If you are ready for an editor, try a freelance editor. They are less expensive, more geared towards you, and they build long-term relationship. Vet them, research them, follow them, and then reach out. They often post availability for the coming month (or time frame) on their social media platform.
Use social media to follow same-genre authors, agents, editors, etc. They share experiences and tips. You will also know when agents and editors are open to submission, and what they want RIGHT NOW.
Remember you’ll always have another story to tell.
Need to save up for an editor, writing software, or a writing class? It can be hard to spend money on a hobby (especially when possible income can seem so far away). Hopefully, you already have a savings account and have Dave Ramsey’s “Emergency Fund”, however, I call this a “Squirrel Account”. For each word you write, set aside a 1¢ (in a separate account, savings accounts are usually free if you have $100 in it). If a cent is too much (trust me, I get it), then try a half cent or even a quarter cent. Then, when you need something for your writing you have funds available, and your hard work on writing has paid for it.
If you write: 200 words a day, 6 days a week, for 4 weeks, you’d have $48 saved up.
(I also do this with my treadmill miles.)
Character Chart.
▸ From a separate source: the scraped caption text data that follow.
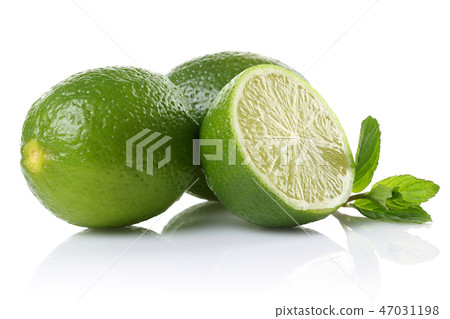 Whole and slice of lime with mint leaves Whole and slice of lime with mint leaves 47031198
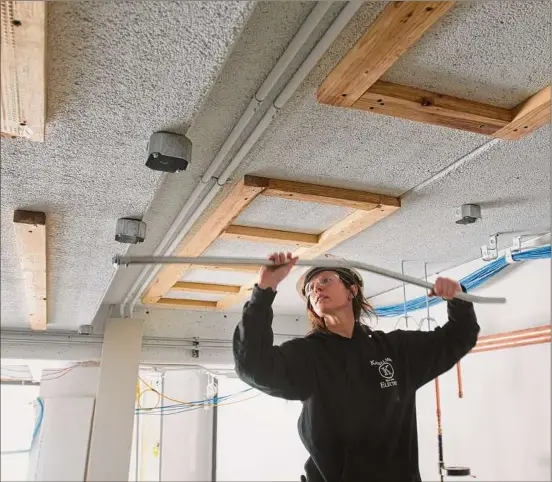  ?? Paul Buckowski / Times Union ?? Kasselman Electric apprentice electricia­n Leah Layton works with conduit at a renovation job at Arbor Hill Elementary School in Albany.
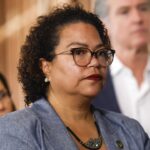 California Assemblymember Mia Bonta looks on as Gov. Gavin Newsom stands in the background.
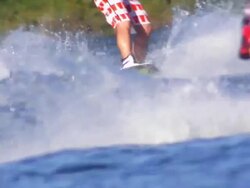 SLO MO Cable wakeboarders on lake Stock Footage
How do they relate to each other?
You can format in numerous ways, but below is a quick chart as a guide (I sketch it out on paper). Use as you like. I list all characters vertically and horizontally. I use the horizontal names as my anchors and go through the vertical list to describe how each character thinks of them.
Redo/revisit after revisions. Do the dynamics show in the writing?
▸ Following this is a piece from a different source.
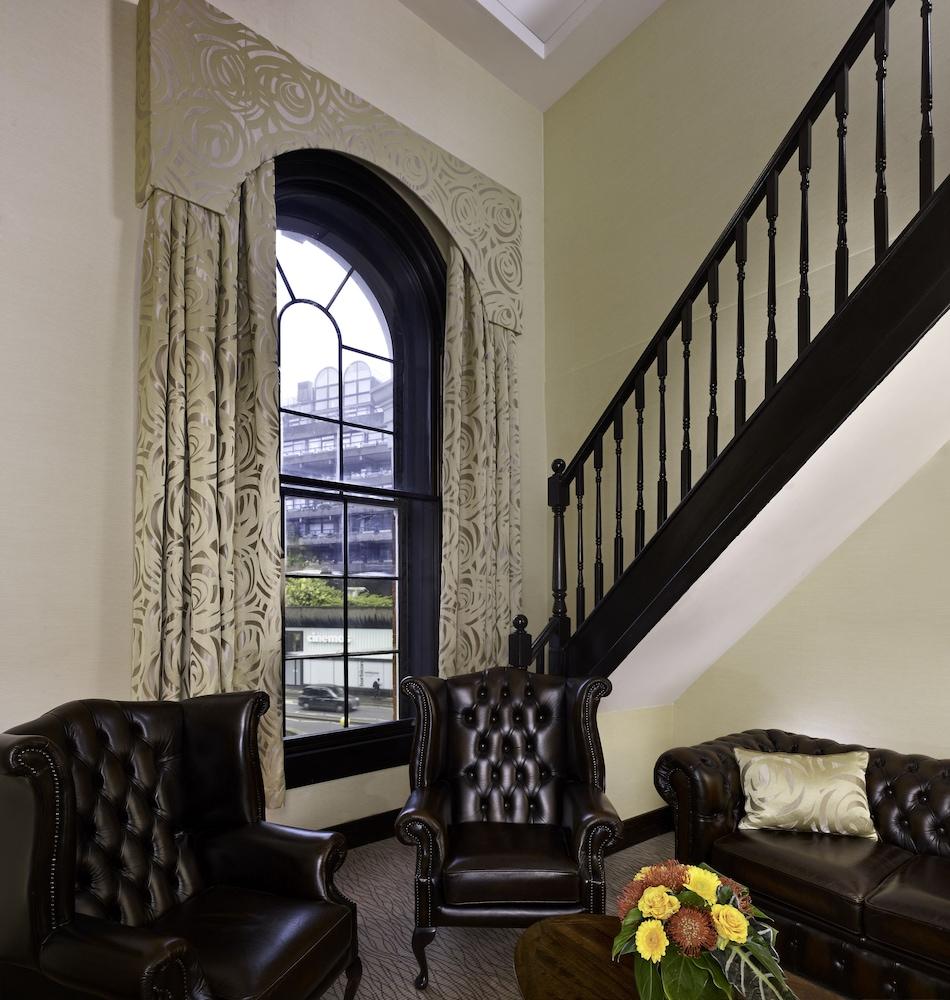 Montcalm Brewery Townhouse Hotel Лондон Екстериор снимка The photo shows a cozy interior space featuring two elegant leather armchairs placed near a large, ornate window with arched top and decorative curtains. The wall is painted in a muted color, enhancing the warmth of the room. A staircase with black s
Early stage tip: When working through plot, pacing, and characters, I use a Noun Chart. I have two sets on a page. This creates a map of the story that is easy to follow. I have used it in later stages after massive rewrites to see if I created plot holes.
I have also used excel to track later stages, but in early stages I like to write it out.
Have multiple characters? Do they each have a voice and stakes (they should)? Flush it out. As you revise a chapter reread it through the lens of each character in the scene. Would they do that? Think that (if their POV)? What’s missing? Did they reveal something they wouldn’t?
(This does not mean jump heads (POV) in the text, but make sure the characters show.)